___ DATA RECORDS

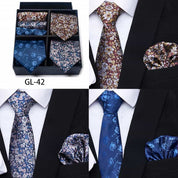 Men's 6 Pieces Neckties & Pocket Squares Gift Set with Stripe & Flower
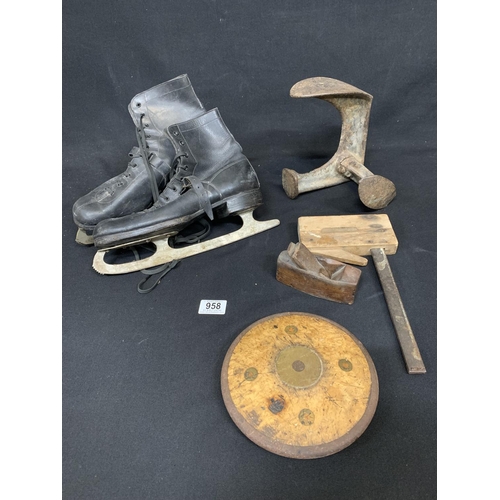 958 - Vintage Discus, ice skates, plane, clamp and shoe last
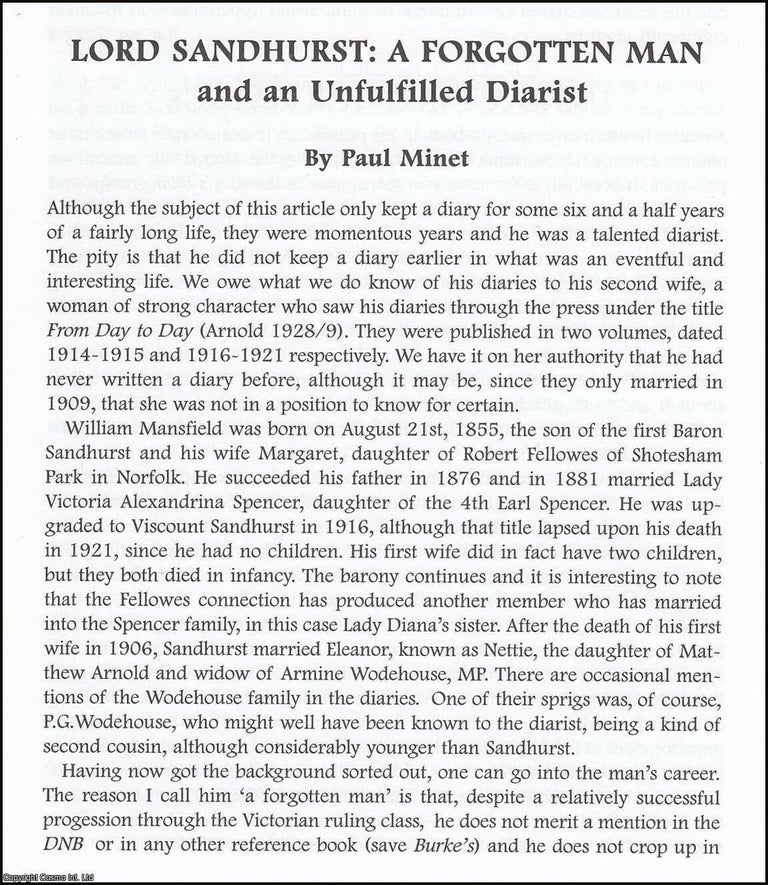 Item #365886 Lord Sandhurst: A Forgotten Man and an Unfulfilled Diarist. An original article from...
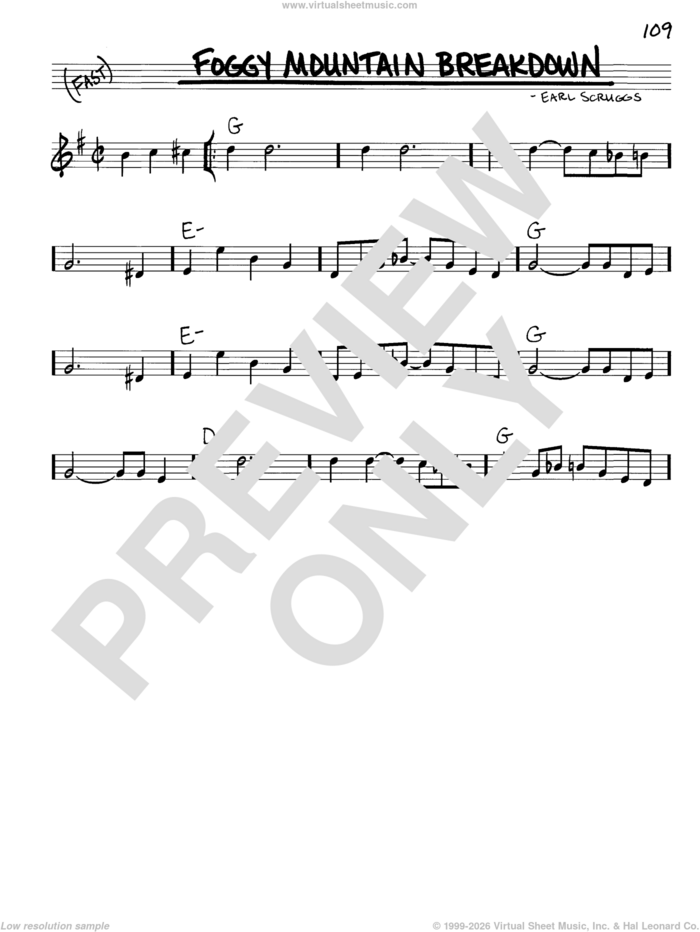 Foggy Mountain Breakdown sheet music for voice and other instruments (real book with lyrics) by Lester Flatt & Earl Scruggs and Earl Scruggs, intermediate skill level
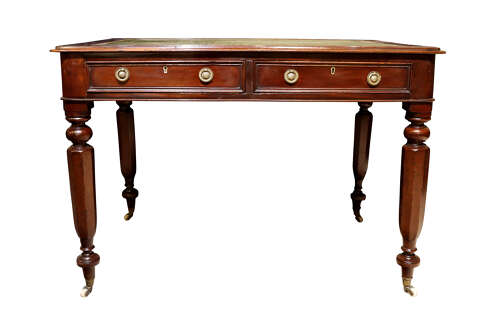 William IV Mahogany Two Drawer Leather Top Writing Table, Circa 1835
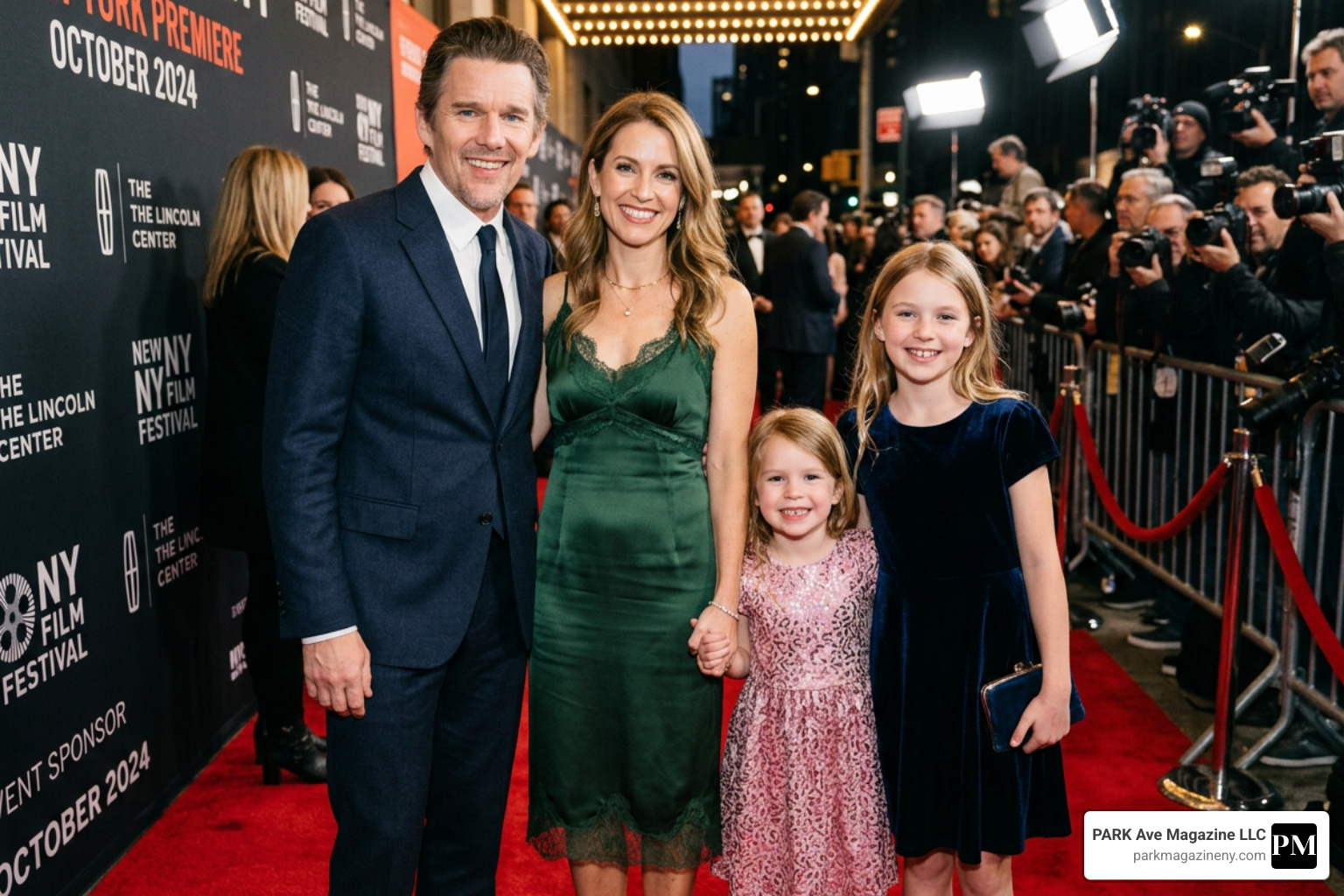 Ethan Hawke and Ryan Shawhughes with their children at a public event - clementine jane hawke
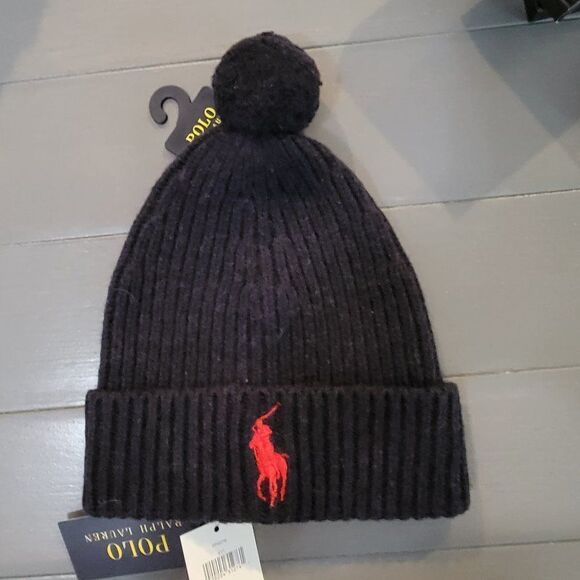 Polo Ralph Lauren Men`s Blue Wool/Nylon Big Pony Signature Merino Cuffed Beanie - Picture 13 of 13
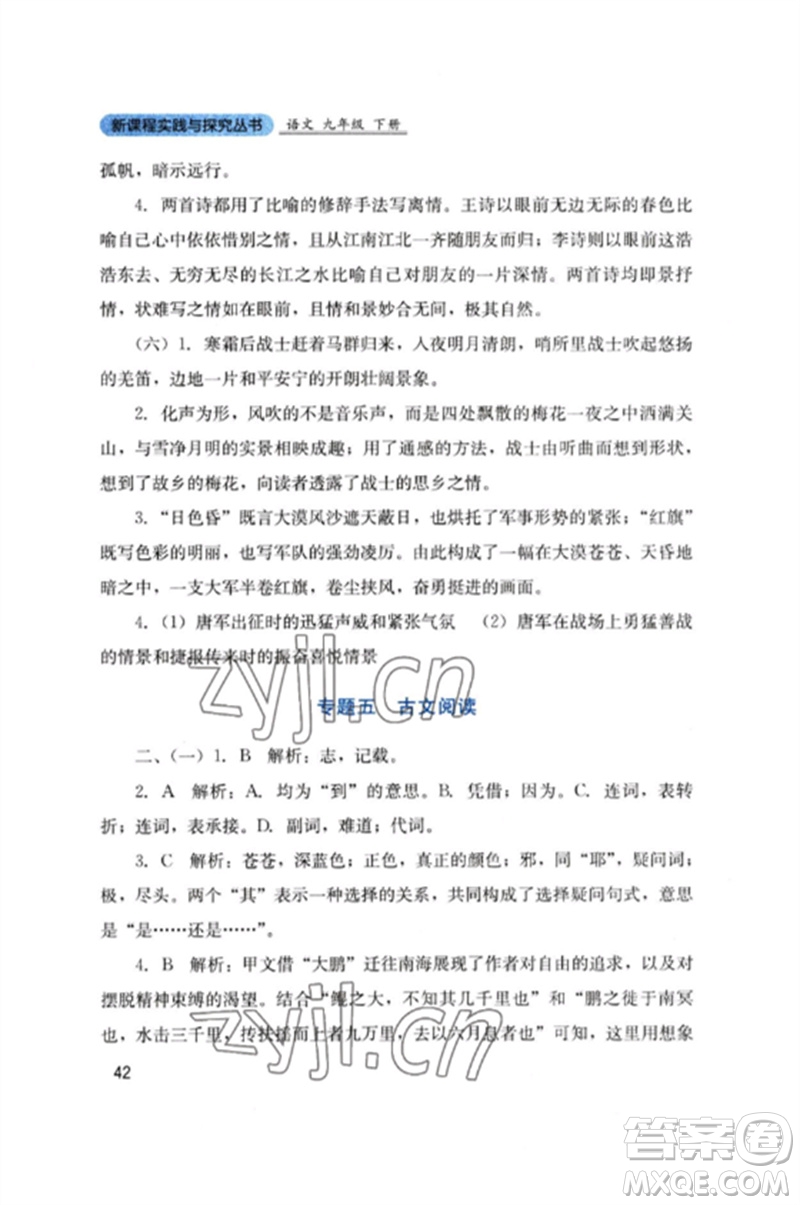 四川教育出版社2023新課程實(shí)踐與探究叢書九年級(jí)語文下冊(cè)人教版參考答案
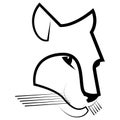 Black and white line art of cougar head. Jaguar for company logo identity or tattoo.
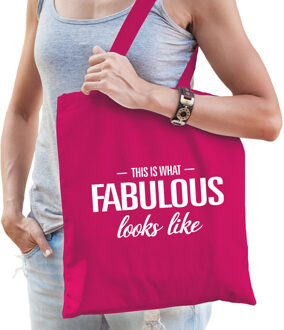 Bellatio Decorations This is what fabulous looks like cadeau tas roze voor fantastische dames - Feest Boodschappentassen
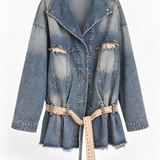 Casaco Comprido Denim com Cinto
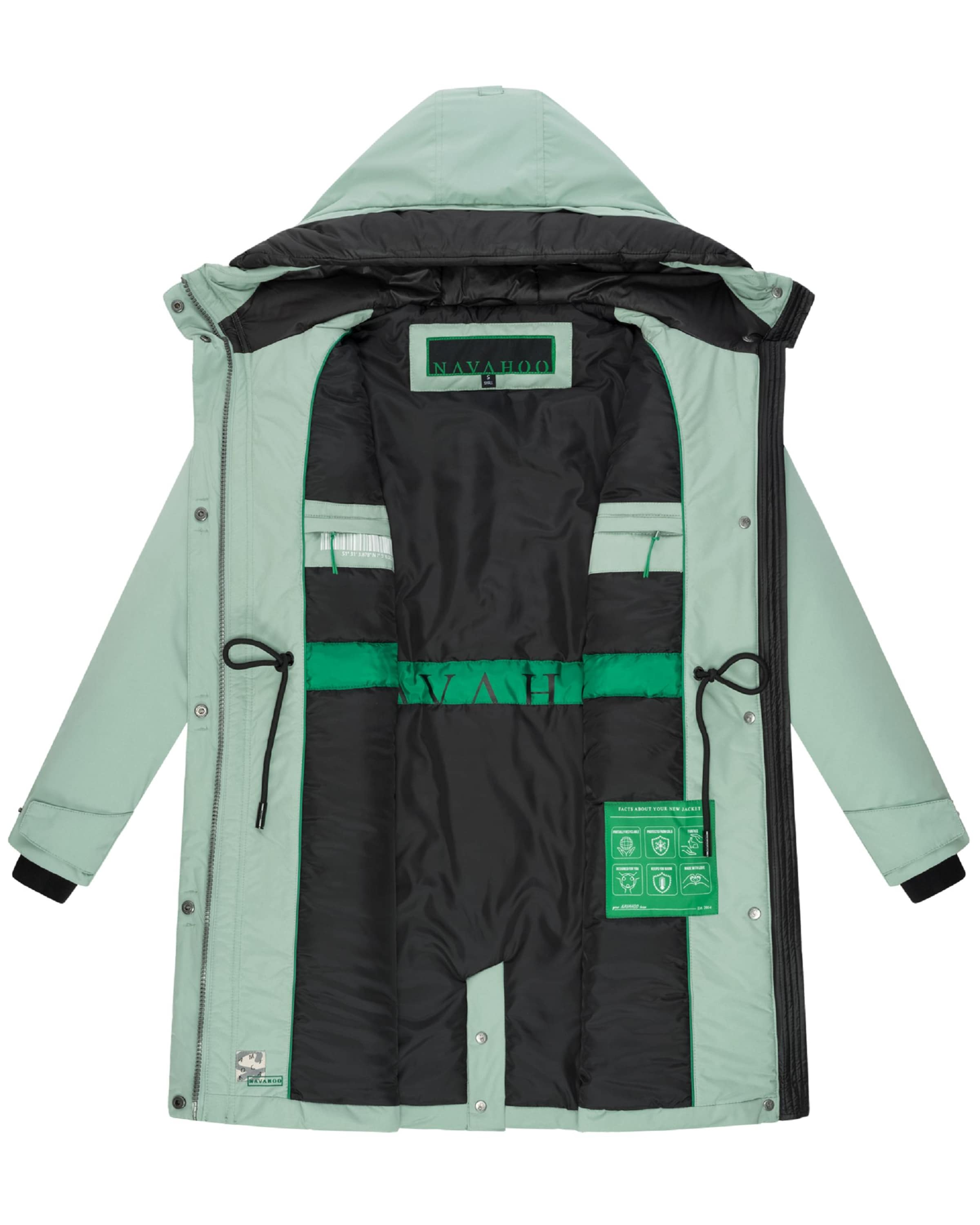 NAVAHOO Winter parka 'Eissturm 14' in Green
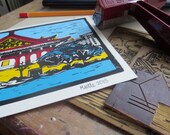Taipei Taiwan, Linocut Art Print, Color Print, Original, 8.5x6 inches, Asian Art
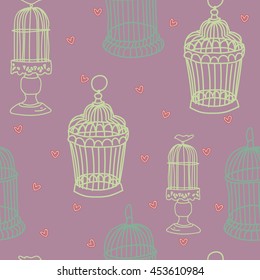 Seamless pattern with doodle.Cages seamless texture on a background vectors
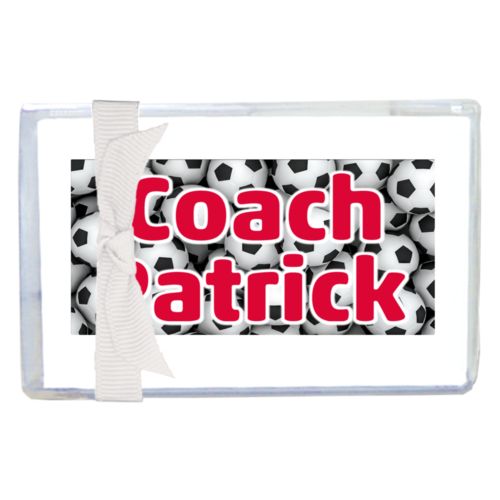 Personalized enclosure cards personalized with soccer balls pattern and the saying "Coach Patrick"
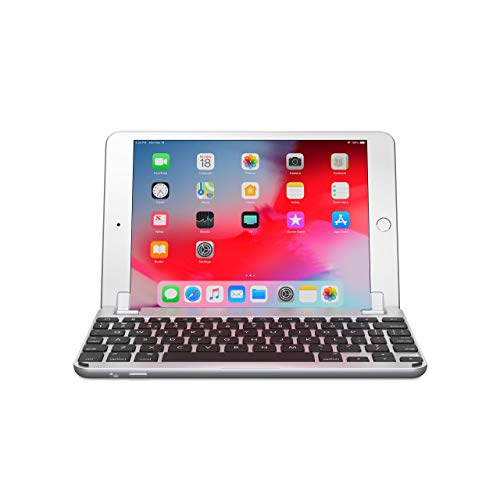 Brydge 7.9 Keyboard compatible with iPad Mini (2019) and iPad Mini 4. Backlit, Aluminum, Wireless, Rotating Hinges, 180 Degree Viewing. (Silver)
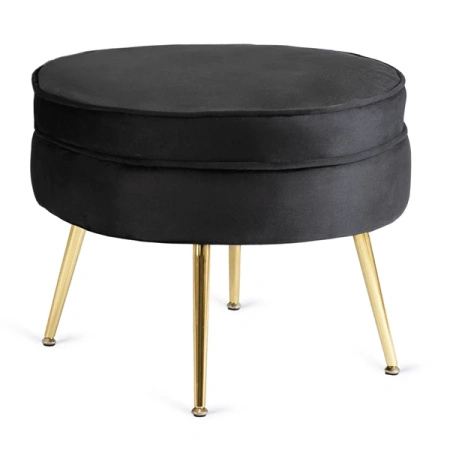 Fotel GRAND z Podnóżkiem Czarny Welurowy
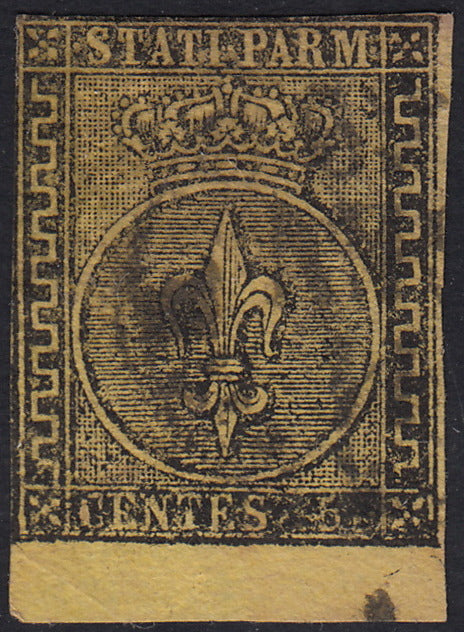 BO22-59 - 1859 - Efigie de Fernando II de Borbón, 1 grano verde oliva grisáceo claro II mesa papel Palermo nuevo con goma original, poco común y de hermosa calidad. (4, posición 28/100).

______

Please copy out from the data above, without any picture, exactly the lines running from the one that holds "Black and white" through the one that holds "Seamless pattern with", and nothing beyond them.

TASK RESPONSE >>
 Black and white line art of cougar head. Jaguar for company logo identity or tattoo.
 Bellatio Decorations This is what fabulous looks like cadeau tas roze voor fantastische dames - Feest Boodschappentassen
 Casaco Comprido Denim com Cinto
 NAVAHOO Winter parka 'Eissturm 14' in Green
Taipei Taiwan, Linocut Art Print, Color Print, Original, 8.5x6 inches, Asian Art
 Seamless pattern with doodle.Cages seamless texture on a background vectors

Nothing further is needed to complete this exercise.